Ubermensch Rating

First rule of being an Uber driver: Don’t tell anyone you’re an Uber driver. It’s very similar to the first rule of Fight Club. No one can be trusted. When word gets out that you’re a driver now, suddenly everyone needs a ride. Everyone. I’m not kidding. I’ve had former bosses call me in the middle of the night, “Hey, I know it’s 2:30AM, but…ya think you could pick me and a few friends up?” Sorry, no, I am asleep. Actually, here’s where the second rule of being an Uber driver differs from the second rule of Fight Club and I learned it VERY quickly: The “night-crowd” is very different from the “rush-hour” crowd. This is a rule that must be taken into account seriously, unless of course you don’t mind passengers spilling their cookies all over your backseat.

I’ve witnessed the full gamut of Jekyll to Hyde transformation in people starting as early as 5:00PM on New Years Eve and wrapping up only a little bit after the ball drops. Seriously. People literally transformed. I’ve driven the walking wounded home early on Saturday mornings all with a smile on my face. I’ve been referred to as a saint, an angel—one young man REALLY stroked my ego when he commented that I looked like Stephen Amell (thank you my friend, thank you…he even wrote it in my review, so feel free to fact check).

So it’s not all bad. Before I go on, let me make this one thing clear. Overall, driving for Uber has not been a bad experience whatsoever. It has been just that: an experience, like any job that would have you interacting with others on a daily basis. My whole Uber experience has made me appreciate and RESPECT cab drivers far more. So, please. If you are a frequent passenger, understand that you are in someone’s car. Also understand that your driver, like you, is a human being.

My passengers are a completely eclectic collection of people. And people are funny. People are kind. Parents LOVE to brag about their children. People LOVE to complain about their jobs or lovers. People flirt. People can be awkward. People can also want nothing to do with you. When the ear pieces go in, that is the passive aggressive way of telling you, the driver, to shut up.

People also love to bend the rules.

I once pulled up to what initially looked like a garage sale. Turns out, the guy was moving. And I, apparently, was his mover. I ended up putting the majority of his crap in my car because I HATE cancelling rides. I have to keep that 4.5 star rating. I have to give the guy some credit. Pretty crafty. I was far cheaper than renting a U-haul. I think? Don’t U-hauls have wonderful deals now?
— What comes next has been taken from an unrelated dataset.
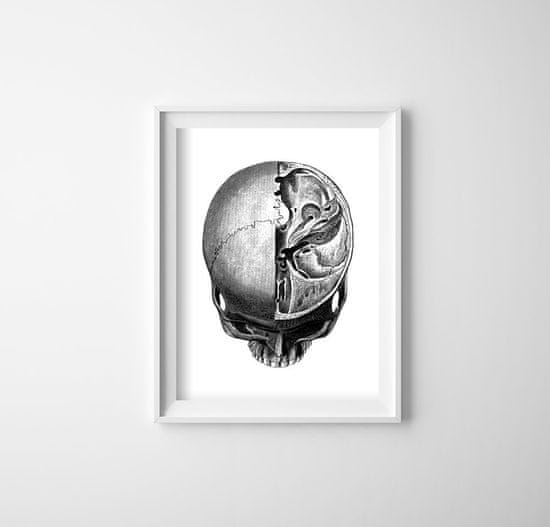 Vintage Posteria Retro plakát Anatomical Skull Headprints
Regardless, that anecdote highlights an aspect of the job that is pretty nerve-wracking. You TRULY have no idea what you are signing up for.

When I started working for Uber, I intended it as a quick scheme to make a few bucks on my own schedule. That part panned out and is the BEST part of the job. You work when you want to work. And! Unlike freelance work, you are guaranteed some business. People need rides. Every minute people need rides. Like most jobs, some days are better than others for sure. And like most jobs, you find creative ways to keep yourself engaged and entertained. Me? I have turned ‘surge’ pricing into a game. There were a few months there where I was chasing the surge. Let me explain.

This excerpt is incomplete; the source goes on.